Still, It's great fun to zip through the streets in a Driver game. I also noticed something else, which I never really put into perspective before. Driver is a terrible racer. Since all of the mini-games are part of the overall story, you get a better, more direct sense of how they compare while on the streets and in traffic versus on a racetrack with competitors. You'll no doubt have a frustrating time out-racing hard-level cars in the La Guardia race tracks.
In any case, the whole "Parallel Lines" phrase title actually means something that affects both the storyline and the way in which the game is played. This information has been revealed already, so it's not a big spoiler. TK is set up, betrayed and thrown in jail in 1979. When he comes out, it's 2006, and he looks and acts different. The game switches from being like Goodfellas to Kill Bill, as it literally becomes a story of revenge. TK wants to hunt down and kill every last man who helped set him up. The general design still enables players to pick from cash-based races and story-based levels strewn across the giant New York map, but it's infused with strong sense of focus and anger, a direction that shows a little creativity and change for what could be considered a simple racing game.
You'll get to play through 35 missions and drive as many as 80 vehicles. Vehicles range from limos, busses, tractors, motorcycles, choppers, and a slew of unlicensed cars, which all change drastically when you get out of jail. There is a healthy diversity of missions too, even if the obvious trial-and-error design is still very much in effect. You'll curse these in the later levels, when things in Driver always become insanely difficult. When you're out of prison, the most distinct things about city are the cars and the clothes people wear. The environments and the color palette are almost entirely the same, which is a bummer.
Driver: Parallel Lines isn't without fault by a long shot. Reflections' game feels unpolished and somehow grubby, in the same way that GTA's simple graphics and lack of refined texture work made that game look grubby. The huge environments and simple texturing are definitely culprits here, but Parallel Lines at least does a better job than before in the attempt to banish pop-in. The character animations are ridiculous, though humorous, in a back-handed way. To wit, look at the way Slink does a hyper-shimmy while standing and talking. Are those the cocaine shakes? If so, he's got them bad. Or watch TK's mullet flap exactly the same way for the 15 hours it will take you to beat this game. It's nicely presented in widescreen.
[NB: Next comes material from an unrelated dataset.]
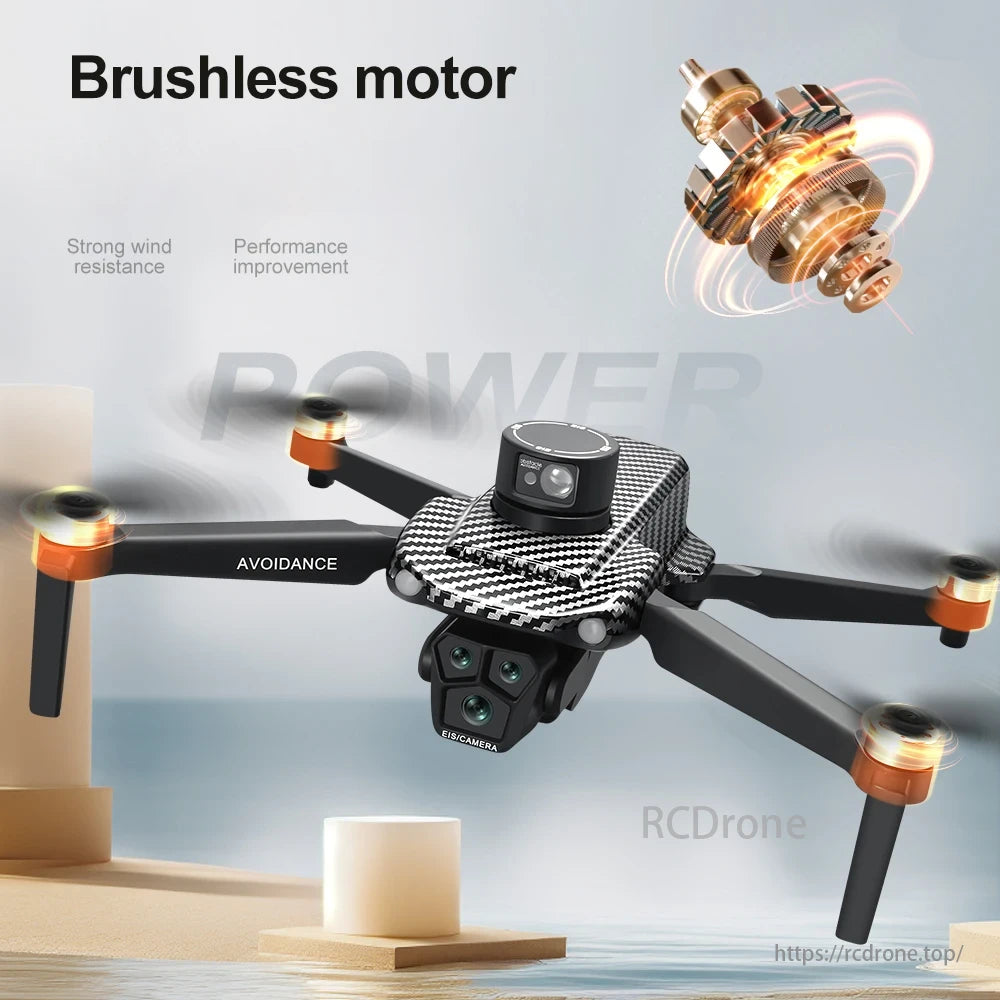 U33 MAX Drone, Brushless motor enhances wind resistance and performance. Drone includes avoidance sensors and EIS camera for improved functionality.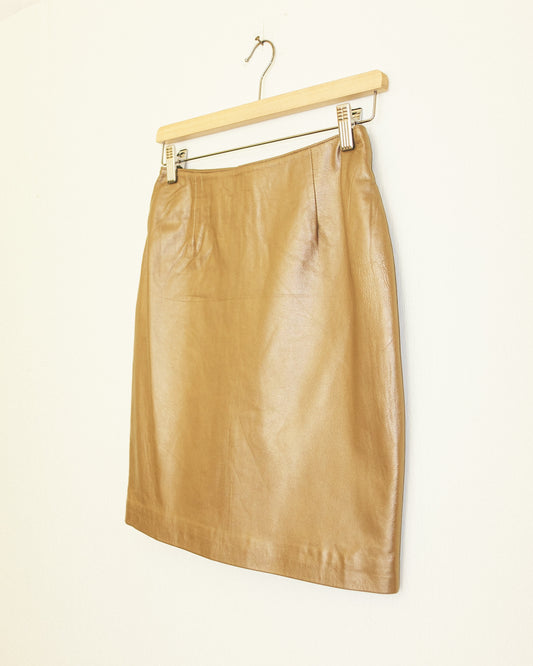 Bronze Leather Mini Skirt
Along the lines of no improvements, the cop AI is generally the same as it always was. You can outrun and ditch it by means of alleyways and the notorious parks -- the cops eternally suck when it comes to grass. And the cops will, for some strange reason, return to their beats as if they had no idea where you went -- even if that means you're just two blocks straight ahead. Also, as you wield heavier weapons and drive faster cars, the cops upgrade along with you.
The new criminal meters are a great touch, differentiating between your crimes on foot or in a car. This enables you to ditch cars while no cop is in sight and get away free. If you do get caught and your on-foot meter goes up, a little cash to Ray the mechanic will wipe that stain away. Also, Parallel Lines' implementation of the mini-games was a smart move, though the variety isn't great. Finally, the major element players lost with Parallel Lines is the Director Mode, which I guess I can live without, though I know some long-time fans will grumble about it.